Department of Electrical Engineering and
Energy Technology,
MOBI Research Group,
Vrije Universiteit Brussel,
Pleinlaan 2,
Brussels 1050, Belgium
e-mail: gberckma@vub.ac.be

Jan Ronsmans

JSR Micro NV,
Technologielaan 8,
Leuven 3011, Belgium

Joris Jaguemont, Ahmadou Samba, Noshin Omar, Omar Hegazy, Mahdi Soltani, Yousef Firouz, Peter van den Bossche, Joeri Van Mierlo

Department of Electrical Engineering and
Energy Technology,
MOBI Research Group,
Vrije Universiteit Brussel,
Pleinlaan 2,
Brussels 1050, Belgium

Manuscript received January 20, 2017; final manuscript received April 24, 2017; published online September 6, 2017. Assoc. Editor: Matthew Mench.

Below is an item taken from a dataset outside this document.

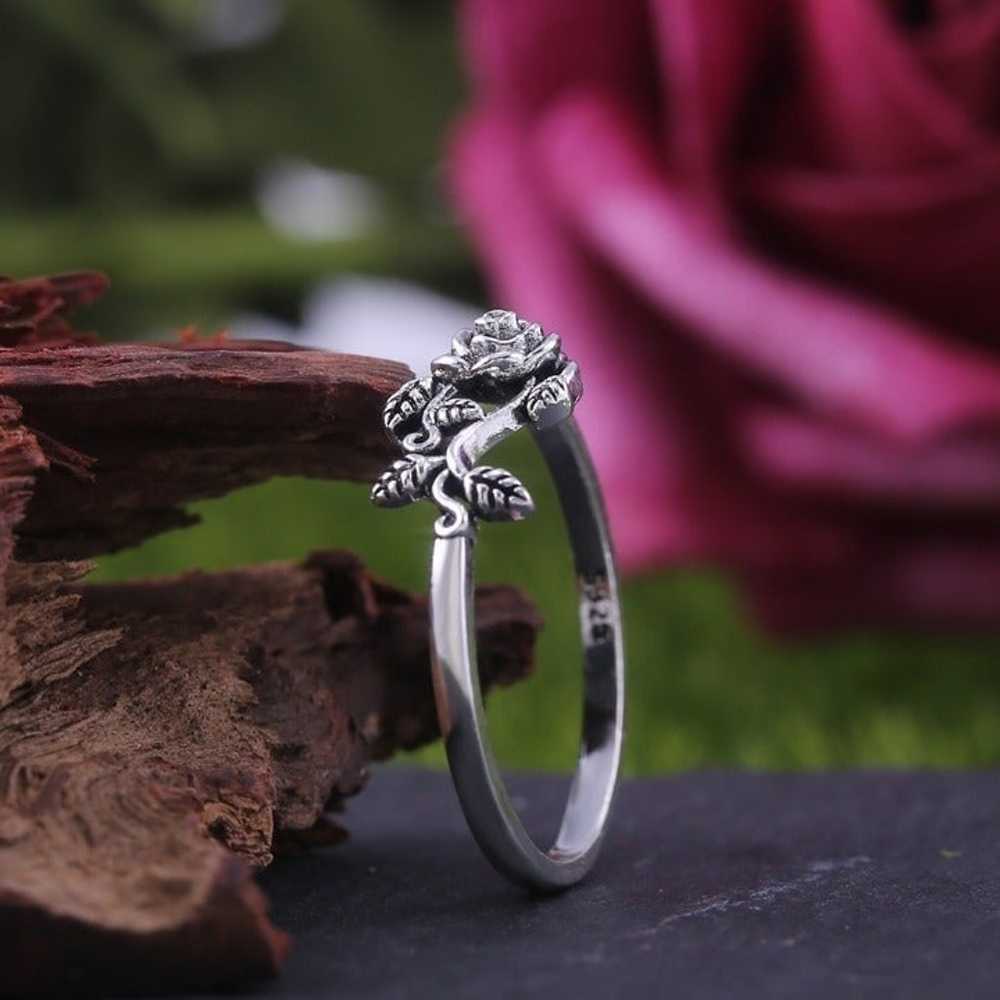 Ethnic Style Dainty Rose Flower Anillo Vintage Si… - image 5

J. Electrochem. En. Conv. Stor. 14(4), 041005 (Sep 06, 2017) (8 pages) Paper No: JEECS-17-1010; doi: 10.1115/1.4037491 History: Received January 20, 2017; Revised April 24, 2017

The large push for more environmental energy storage solutions for the automotive industry by different actors has led to the usage of lithium-ion capacitors (LICs) combining the features of both lithium-ion batteries (LIBs) and electric-double layer capacitors (EDLCs). In this paper, the thermal behavior of two types of advanced LICs has been thoroughly studied and analyzed by developing a three-dimensional (3D) thermal model in COMSOL Multiphysics®. Such an extensive and accurate thermal 3D has not been fully addressed in literature, which is a key building block for designing battery packs with an adequate thermal management. After an extensive measurement campaign, the high accuracy of the developed model in this paper is proven for two types of LICs, the 3300 F and the 2300 F. An error between the simulation and measurements is maximum 2 °C. This 3D model has been developed to gain insight in the thermal behavior of LICs, which is necessary to develop a thermal management system, which can ensure the safe operation of LICs when used in modules or packs.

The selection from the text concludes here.